The business leadership, generally speaking the Board of Directors or Sole Director, formally decides to meet the requirements of the decree and forms a control body and appoints its members (one or more).

This process will involve an analysis of all business procedures. The core of this analysis lies in identifying individual activities which pose the risk to the company of breaking the law.
Often, but not always, this stage of the process is run with the support of a specialist consultant, who will employ proven methodologies and a predetermined analysis format.

Any gaps identified by the analysis will serve as the basis for the action plan, with timeframes, assigned to specific actors within the organization, who will be tasked with implementation. Once this is implementation has been carried out, the identified risks can be reduced or eliminated.

Control protocols and management procedures, as well as management roles and responsibilities, will be defined for each sensitive process or activity identified.

We come full circle
D.Lgs. 231 compliance effectively means reducing business risks.
Meeting the requirements of the decree is not only a preventive shield against liability, but also and especially a tool for proactively diagnosing weaknesses in the company’s internal control mechanisms, and for repairing them.

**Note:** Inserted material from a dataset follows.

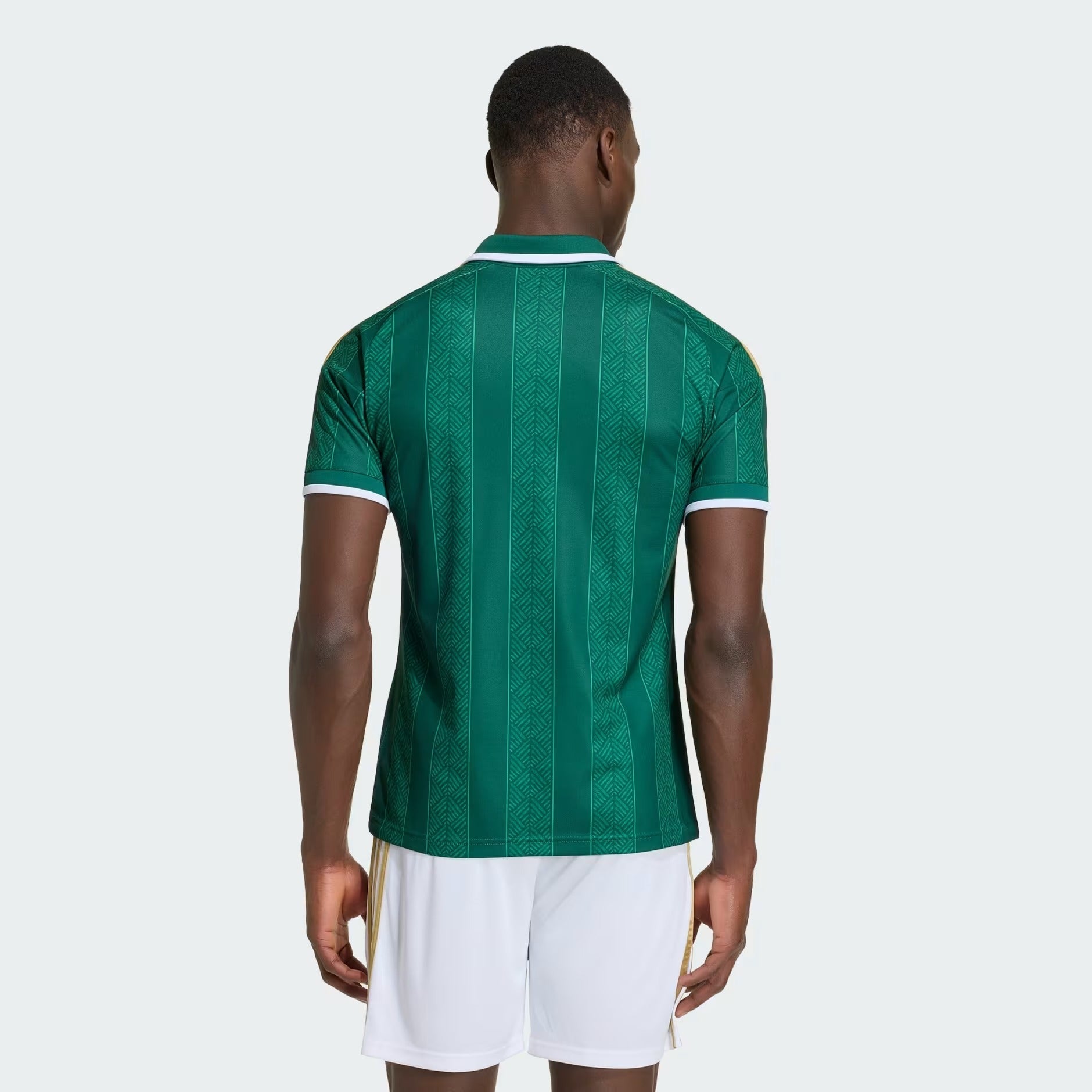África do Sul 2026/27 Home Jersey - image 2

Consider workplace safety compliance. Has your company appointed a safety manager? Has it written up a risk analysis report? Does it have a unified assessment of risks generated by interference between activities conducted simultaneously in the same workplace (DUVRI), and is it up to date, complete and governed by a specific procedure? Has the company implemented a health oversight mechanism, and is it operational?

For businesses that have dealings with government agencies, adopting an organizational, management and control model is essential and practically obligatory in order to benefit from the liability exemption in cases of crimes against the public administration. The case law continues to expand, and the jurisprudence on the topic is already vast.

Preliminary risk analysis and identification of control mechanisms lay the groundwork for the model, and once the control body has been established, it can be put to the Board of Directors for adoption.

There are many other important and pressing issues worth delving into further: self-laundering, specific aspects of the model, the only very recently introduced practices concerning whistleblowing, what the Control Body does and how it should do it, etc. These are topics for further study. 

Marco Gradenigo
Temporary internal control system managerial consultant; member of 231 industrial and service company  control bodies.